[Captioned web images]
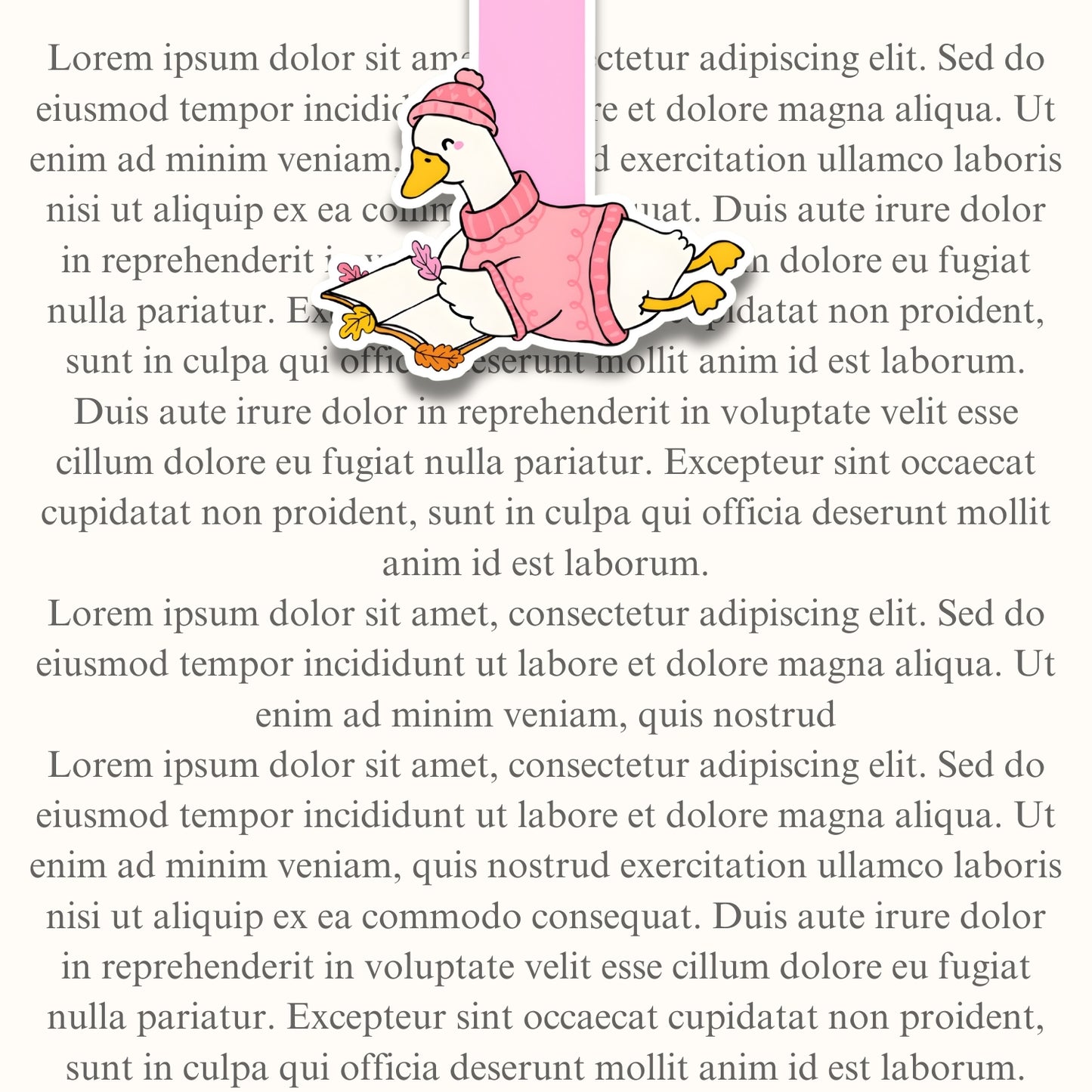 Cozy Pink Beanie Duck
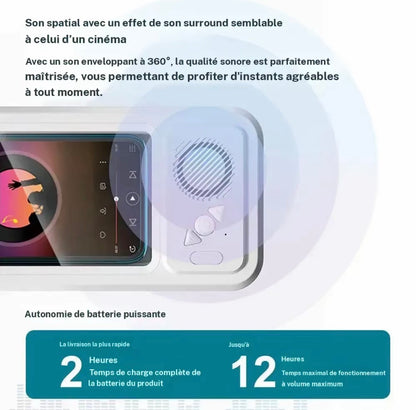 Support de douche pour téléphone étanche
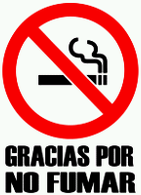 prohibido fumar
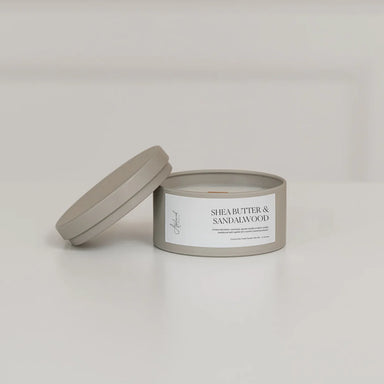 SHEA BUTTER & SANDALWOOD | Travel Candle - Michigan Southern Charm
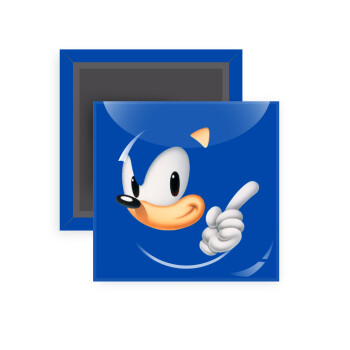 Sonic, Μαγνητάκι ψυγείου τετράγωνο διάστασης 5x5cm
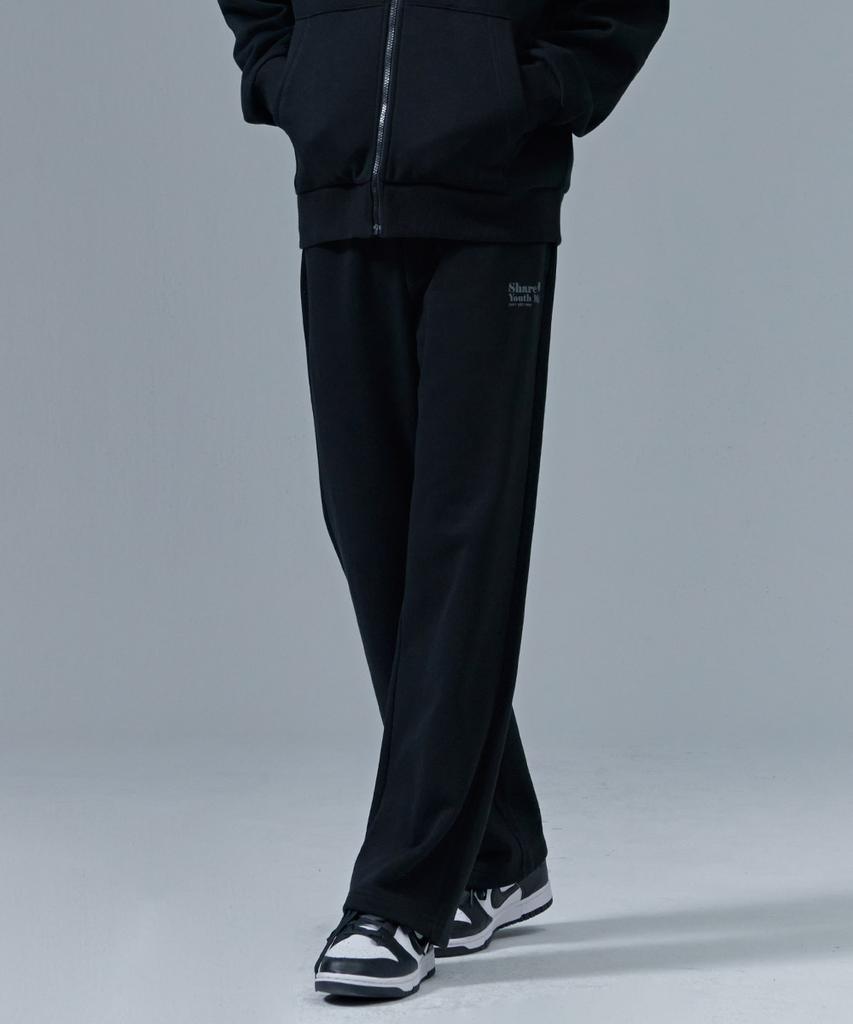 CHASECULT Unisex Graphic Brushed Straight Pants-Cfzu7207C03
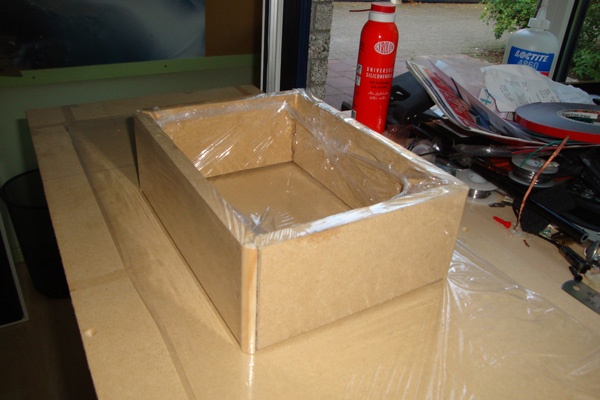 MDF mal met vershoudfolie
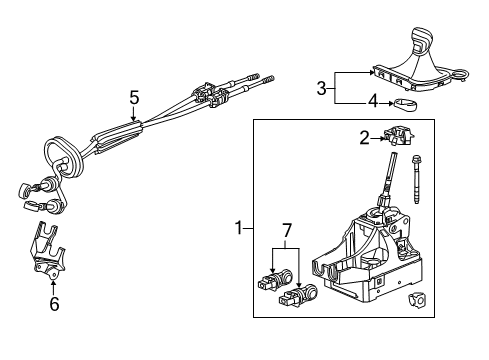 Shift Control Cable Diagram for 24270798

Task goal
Please print all the lines above exactly as given and leave out every picture.

Result for this task
 Cozy Pink Beanie Duck
 Support de douche pour téléphone étanche
 prohibido fumar
 SHEA BUTTER & SANDALWOOD | Travel Candle - Michigan Southern Charm
 Sonic, Μαγνητάκι ψυγείου τετράγωνο διάστασης 5x5cm
 CHASECULT Unisex Graphic Brushed Straight Pants-Cfzu7207C03
 MDF mal met vershoudfolie
 Shift Control Cable Diagram for 24270798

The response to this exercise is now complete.